§ Caption-style text data:
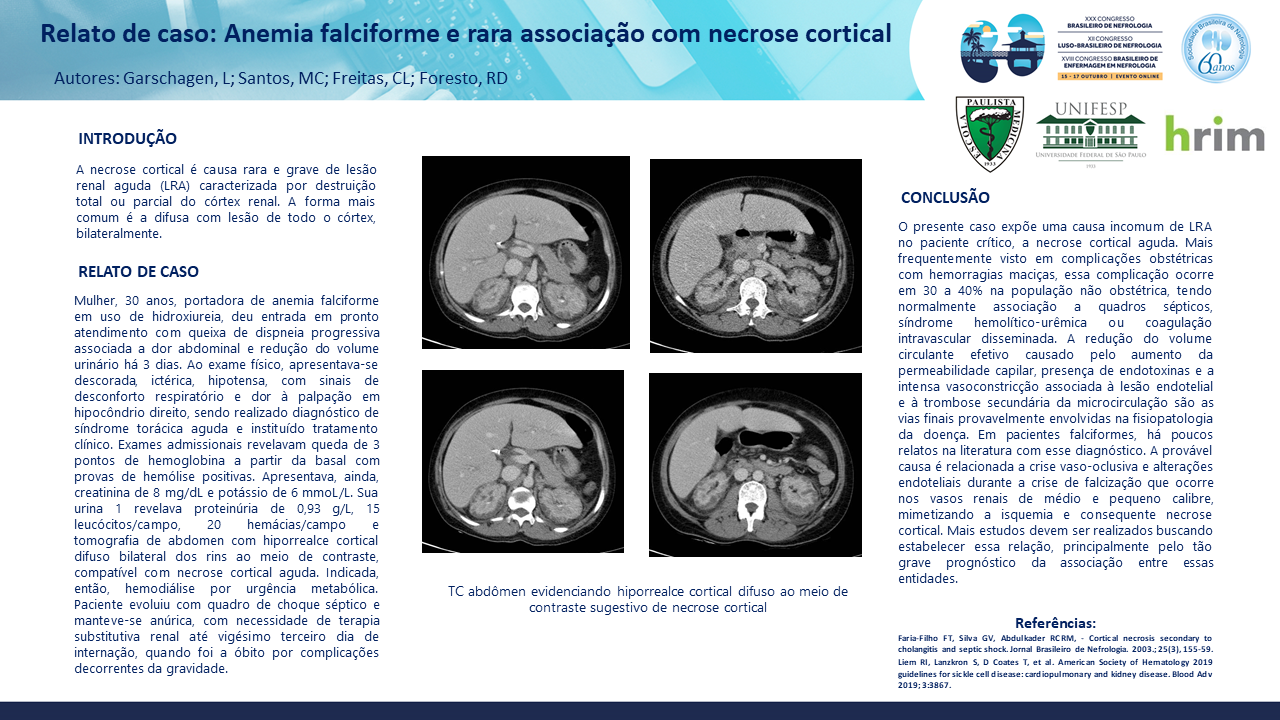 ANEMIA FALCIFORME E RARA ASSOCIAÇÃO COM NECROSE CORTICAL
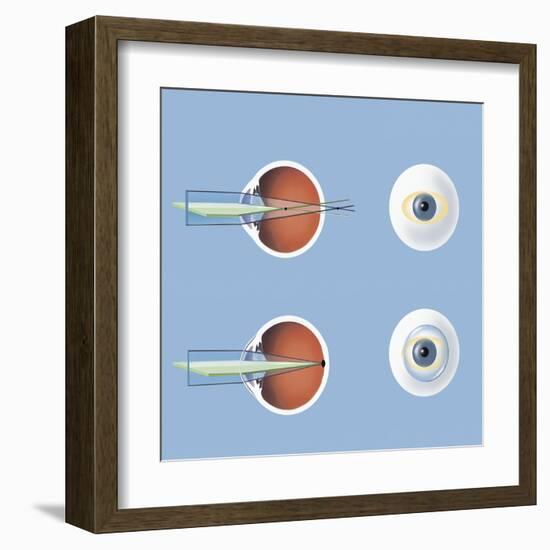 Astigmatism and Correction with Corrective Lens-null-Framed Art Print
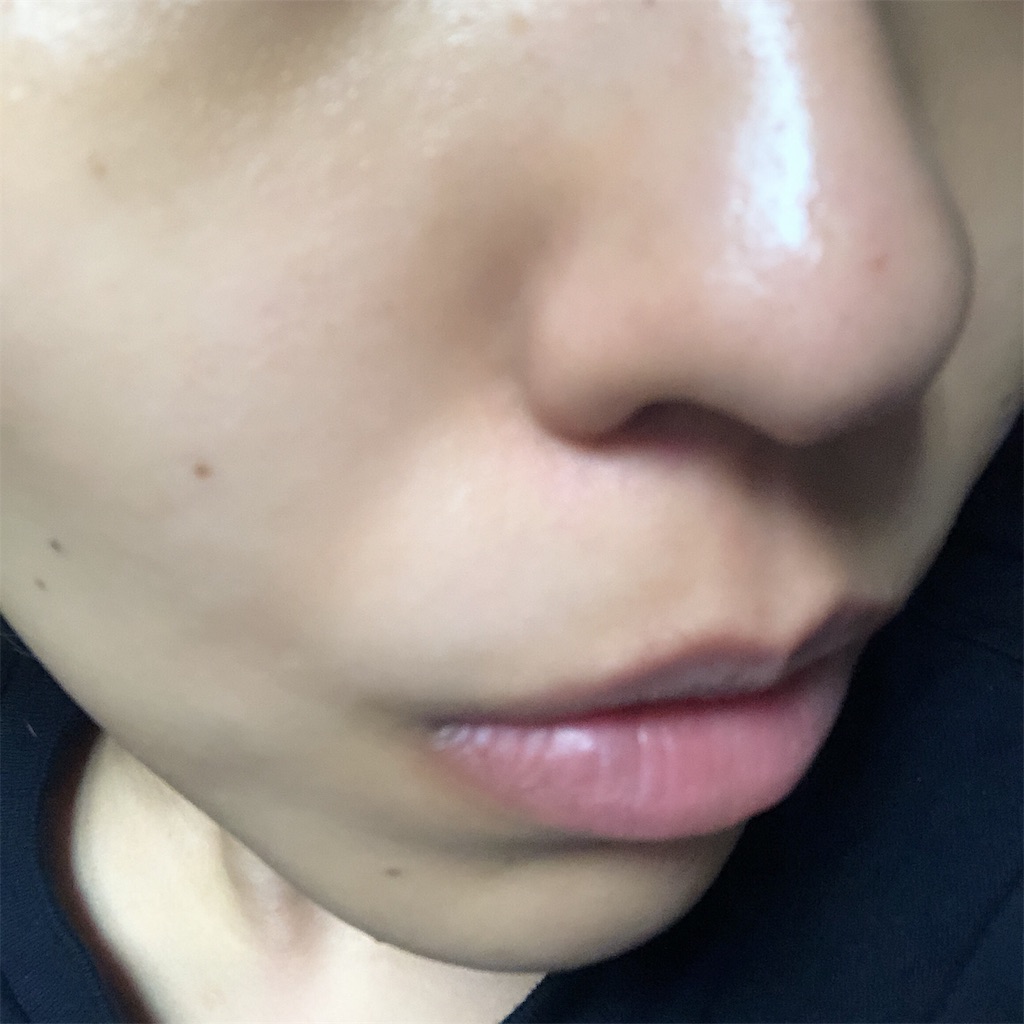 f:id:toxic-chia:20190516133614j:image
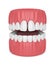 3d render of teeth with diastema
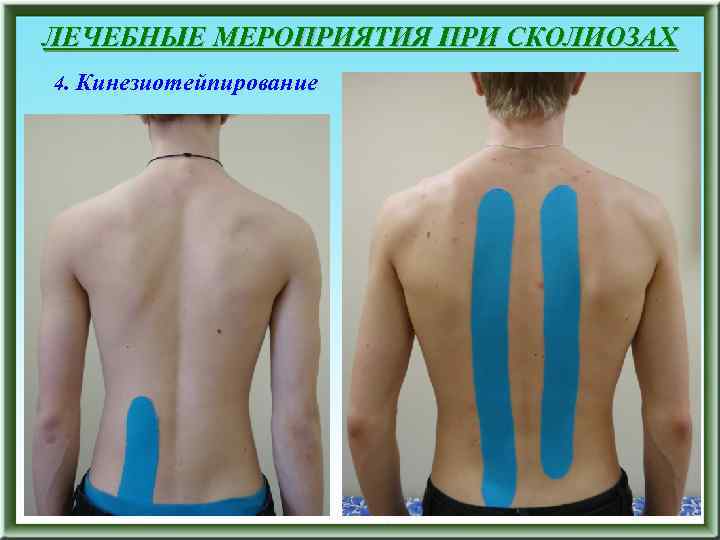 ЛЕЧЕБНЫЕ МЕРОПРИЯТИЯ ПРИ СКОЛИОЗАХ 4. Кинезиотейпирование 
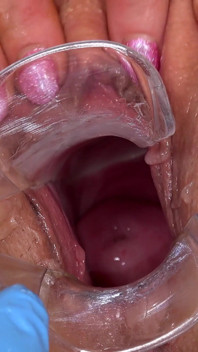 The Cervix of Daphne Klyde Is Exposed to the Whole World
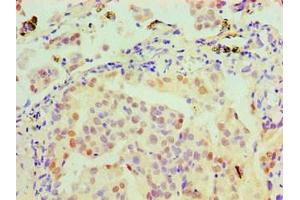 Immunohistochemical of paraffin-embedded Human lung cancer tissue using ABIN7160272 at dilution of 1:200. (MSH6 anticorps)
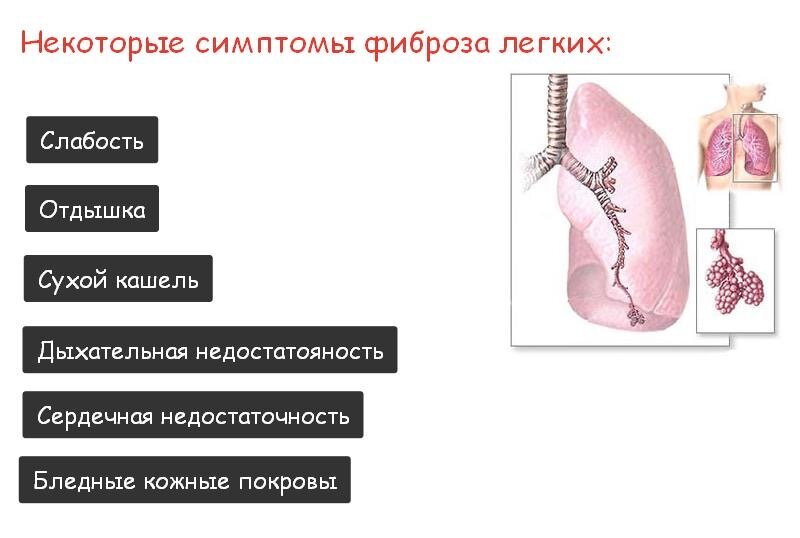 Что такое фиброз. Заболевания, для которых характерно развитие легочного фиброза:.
--
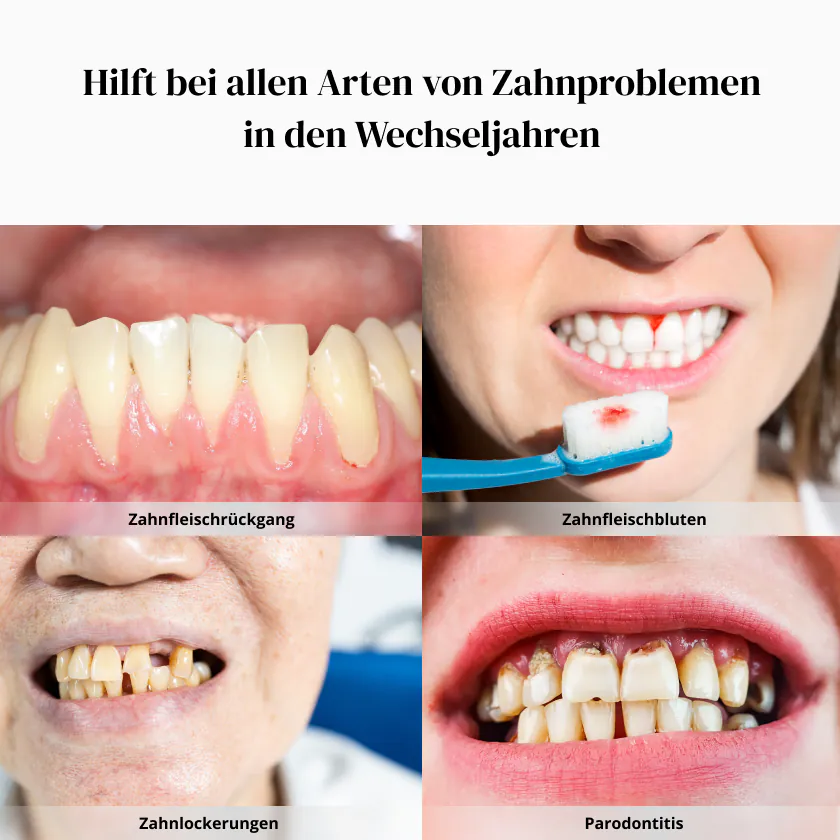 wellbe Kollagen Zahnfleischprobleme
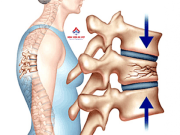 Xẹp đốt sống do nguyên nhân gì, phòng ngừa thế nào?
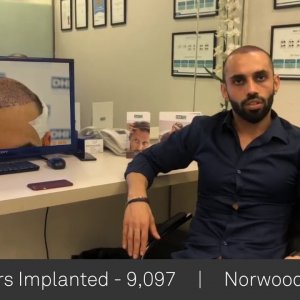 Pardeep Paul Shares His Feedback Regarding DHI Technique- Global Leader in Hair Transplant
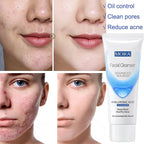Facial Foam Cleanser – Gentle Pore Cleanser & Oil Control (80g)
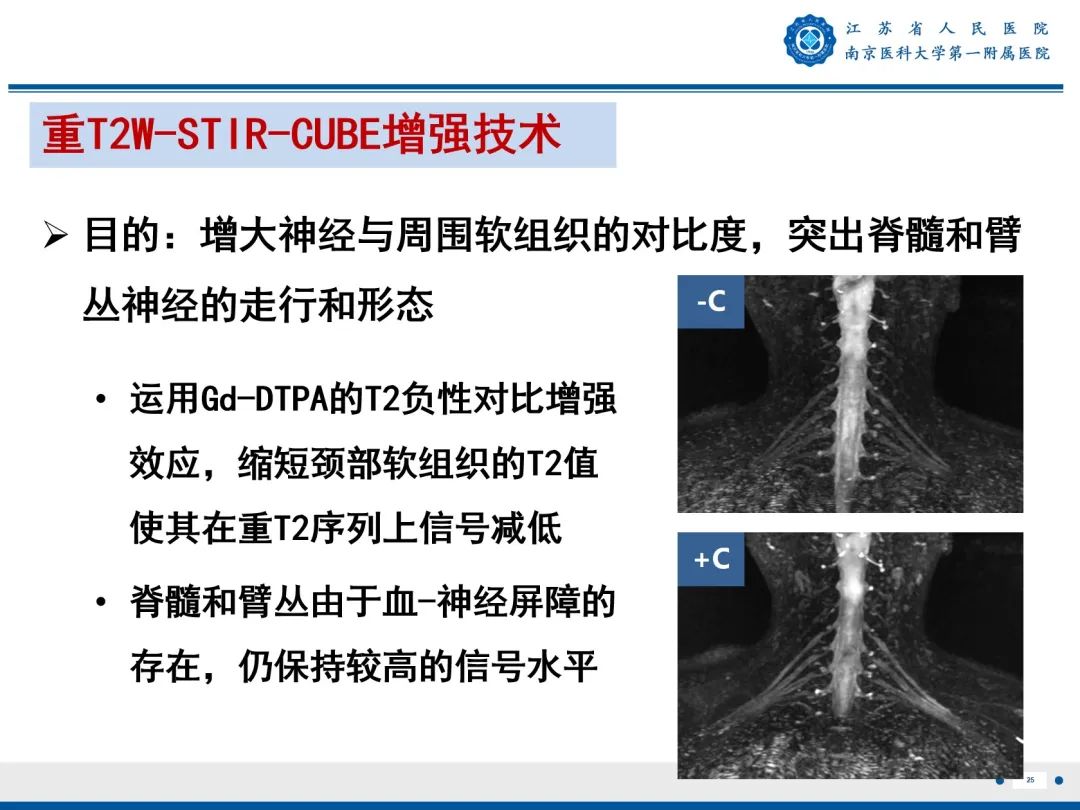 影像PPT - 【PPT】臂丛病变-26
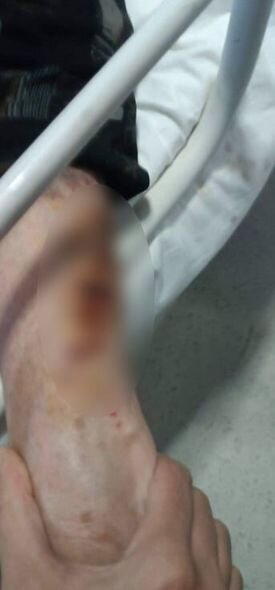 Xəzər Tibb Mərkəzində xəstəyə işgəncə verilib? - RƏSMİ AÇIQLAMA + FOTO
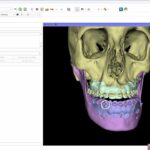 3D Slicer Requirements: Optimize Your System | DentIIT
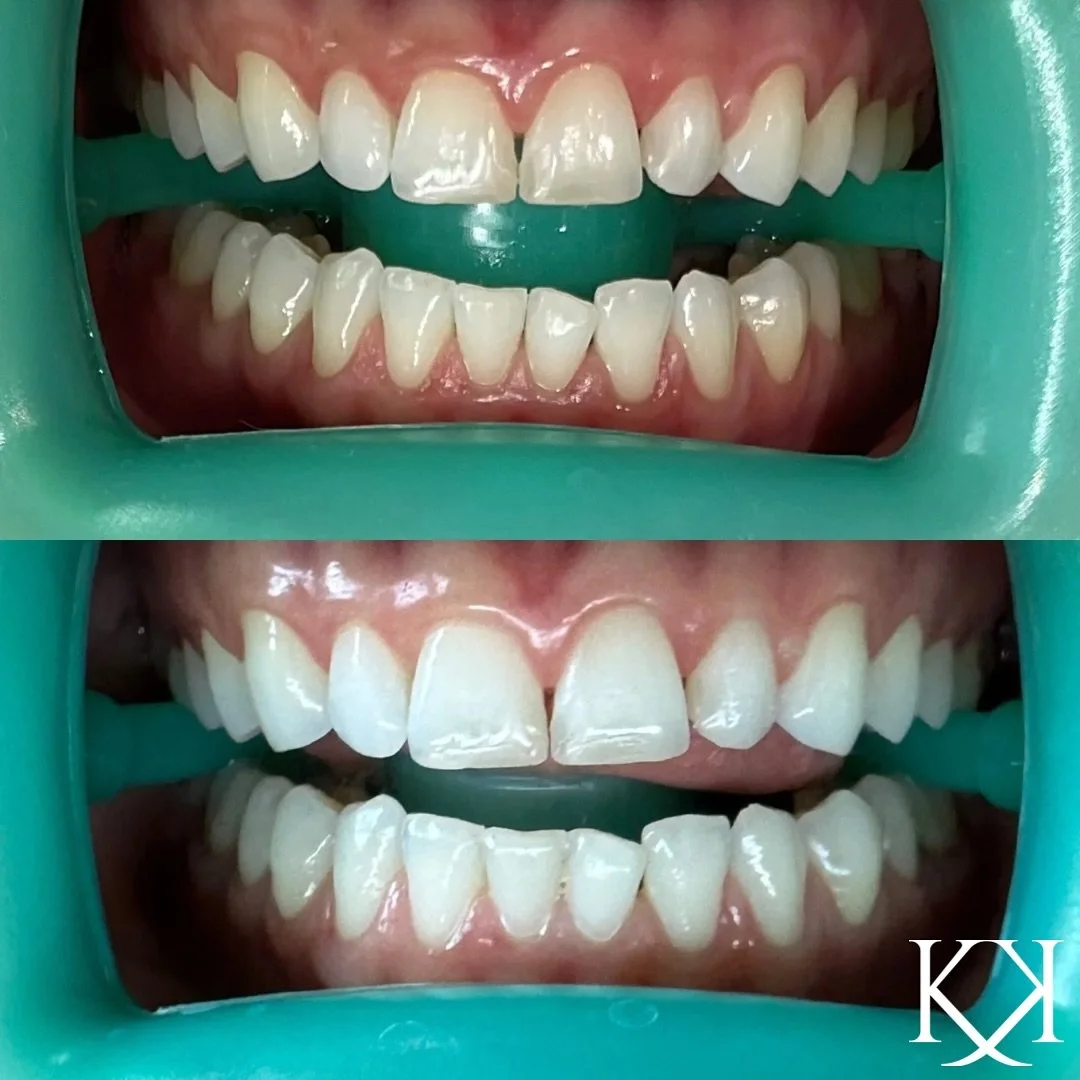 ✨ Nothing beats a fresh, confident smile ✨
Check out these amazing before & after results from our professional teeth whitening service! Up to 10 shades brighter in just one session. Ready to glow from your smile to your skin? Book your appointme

§ Try it: What to print is the stretch of entries from the line with "Facial Foam Cleanser" up to and including the line with "Check out these". Please print it exactly and leave out the pictures.

§ Answer box:
Facial Foam Cleanser – Gentle Pore Cleanser & Oil Control (80g)
 影像PPT - 【PPT】臂丛病变-26
 Xəzər Tibb Mərkəzində xəstəyə işgəncə verilib? - RƏSMİ AÇIQLAMA + FOTO
 3D Slicer Requirements: Optimize Your System | DentIIT
 ✨ Nothing beats a fresh, confident smile ✨
Check out these amazing before & after results from our professional teeth whitening service! Up to 10 shades brighter in just one session. Ready to glow from your smile to your skin? Book your appointme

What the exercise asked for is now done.